GEORGE WILL So—so would you say—do you know then, that, say, the
prevalence of racist imagery and stereotypes in American history had nothing
to do
with racism and racial violence in this country?
That it was innocuous? Harmless?
DANNY GOLDBERG I think the people who commit violence are responsible,
not entertainers.
ha ha
This guy's good.
George is having to eat it, because what else can he do?
He can't answer Danny, because Will's balls are in a snare, here.
I think that racist or any type of offensive, immoral entertainment is
bad.
What I don’t think, is that there are simplistic categories that a committee
in Congress
or a Washington talk show host can create that would make my job any easier
in
choosing what we put out or what we don’t put out. It’s—there’s a complex
relationship
between entertainment and—and the people who consume it.
Archie Bunker was portrayed in “All in the Family” as being a racist, and
yet most normal
people understood that that was an unsympathetic view that he was propounding.
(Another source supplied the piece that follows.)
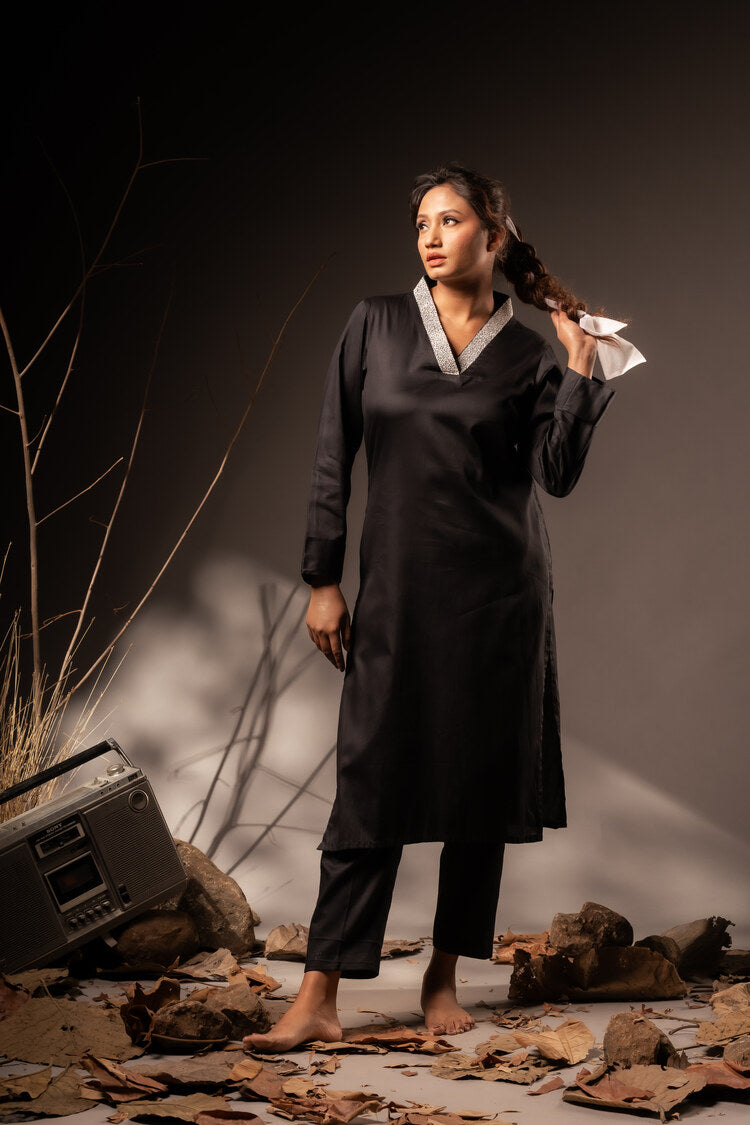 'RENU' Cotton Silk Kurta Set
So, you know, simplistic categories don’t work. But is there immoral, disgusting
entertainment?
Definitely.
Can people in Washington in the political class, who are decades removed
from the
core audience, understand it? Based on the evidence so far, no.
GEORGE WILL Let’s as well stay with this for one more moment, where
you say those
people who commit violent acts are responsible, not any prompting or cue
from the culture.
Is, then, someone who starts smoking responsible? Why should we blame Joe
Camel?
I mean, don’t you say on the one hand that clearly you can locate causation
in cigarette
advertising and cigarette marketing, but somehow you can’t locate causation
in the marketing
of what you market?
DANNY GOLDBERG No. I—I’m saying that there’s causation of the product
itself and
cancer in one instance, and there’s no causation whatsoever of the product
itself
and violent acts in the other.
GEORGE WILL Thank you very much, Mr. Goldberg.
ha ha
George Will is such a spineless, no-facts loser of a debater.